How Exfiltration Works
Exfiltration is rarely a single action. It is usually the final stage of a longer operation. After lateral movement puts the attacker on systems that hold valuable data, the data is collected, then staged in one place, compressed to make it smaller, and encrypted to hide its contents. Only then is it transferred out. This staging step is deliberate: moving one large archive is quieter than copying thousands of files across the network.
The transfer itself almost always rides over a channel the network already trusts. Most often that is the existing command and control connection, but attackers also abuse DNS queries, HTTPS to cloud storage, email, or alternate protocols that egress controls tend to ignore. The goal is always the same: make the theft look like normal traffic.

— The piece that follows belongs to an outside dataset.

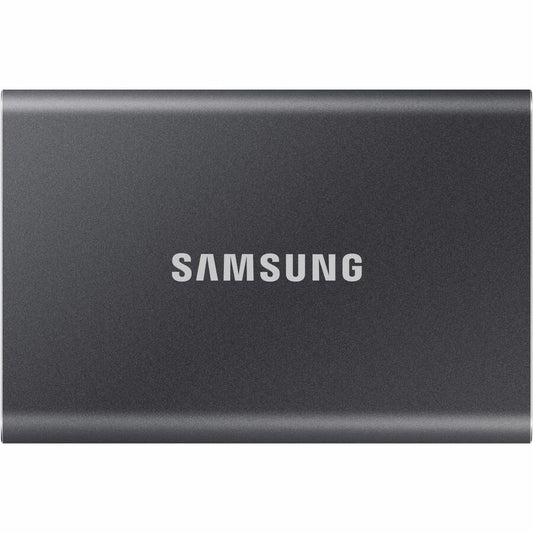 Disque SSD portable Samsung T7 4 To - Externe - PCI Express NVMe - Gris Titane MU-PC4T0T/AM
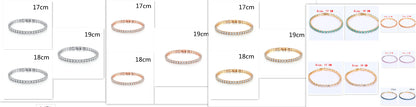 Cubic Zirconia Tennis Bracelet – Iced Out Crystal, Gold – view 19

Common Exfiltration Channels
Attackers choose channels based on what blends in with the target environment:
- Over the C2 channel: reusing the command and control link the attacker already established.
- DNS tunneling: encoding data inside DNS queries, which many networks barely inspect.
- Cloud and web services: uploading to trusted SaaS storage, paste sites, or code repositories.
- Alternate protocols: using a protocol different from the C2 channel to split the trail.
A real-world example of how these steps get automated end to end is covered in our analysis of how hackers use AI, where models drive collection and transfer with far less human effort.
Detecting and Stopping Exfiltration
Because exfiltration hides inside trusted traffic, detection depends on knowing what normal looks like. Defenders baseline outbound volume, destinations, and protocol mix, then alert on deviations: a workstation suddenly uploading gigabytes, DNS volume spiking, or connections to a host nobody has talked to before.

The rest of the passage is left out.